Find me on Tues Nov 24th, 1:40-3pm AEDT in Remo, table 67

Abstract

Single cell RNA sequencing (scRNA-seq) allows for the study of cell-specific variation and cell population heterogeneity at an unprecedent resolution. One statistical challenge when analyzing scRNA-seq data is to comprehensively characterize each cell’s molecular identity defined by their cell types and cell states. To address this challenge, building a reliable referencing cell atlas of human tissues on which results from different studies can be projected and benchmarked is gaining popularity from the global research community, as exemplified by the Human Cell Atlas consortium. Well curated and annotated single cell atlases, nonetheless, are still lacking. Here, we propose to leverage on our previously built bulk transcriptional atlases (Angel et al., 2020) to gain insights into single cell biology

The major challenge we face is the difference in data distribution and scale between the bulk and the scRNA-seq data which can greatly obstruct our ability to capture biologically relevant variation in the single cells when we consider the bulk atlas as reference. Therefore, we have developed a new computational framework for projecting query scRNA-seq data onto a reference bulk atlas, whilst preventing batch differences between technologies that affect the projection results. Our approach is based on either aggregating the cells to create pseudo-bulk samples (aggregation) or imputing zeros to allow for library normalization (imputation). These techniques aim to transform scRNA-seq data so that their distribution resembles bulk. In particular, we have developed a modified version of MAGIC (van Dijk et al., 2018), a popular data smoothing based single cell imputation method, by changing its affinity calculation to construct graph of cells which emphasize on each cell’s local connectivity. Furthermore, we propose to use Random Forest to profile continuum identities of query single cells and quantify the uncertainty of each particular cell mapping based on their locations in the lower-dimensional expressional space of the atlas.
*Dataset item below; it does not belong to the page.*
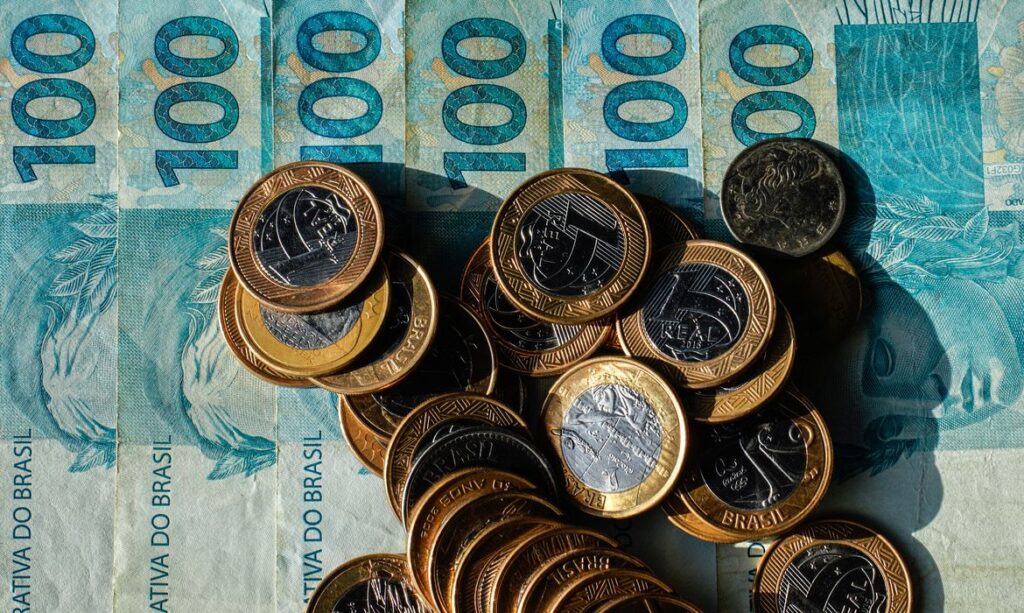 Pagamento do Bolsa Família de julho chega aos beneficiários com NIS final 6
We show on four scRNA-seq datasets projected on two bulk transcriptional atlases that our approach projects cells into the correct biological niches of bulk atlas, showing high agreement with the biology described in the query study. By comparing the projection results of scRNA-seq data imputed by different methods, we further demonstrate the value of a transcriptional atlas for computational method evaluation. The projection result show that our imputation method leads to improved performance compared to MAGIC when the query dataset is highly imbalanced in cell population composition. Besides enabling accurate data projection, our framework can also help unlock other bulk based statistical toolkits (i.e. models for DE analysis. cell type predictors) for analyzing scRNA-seq data.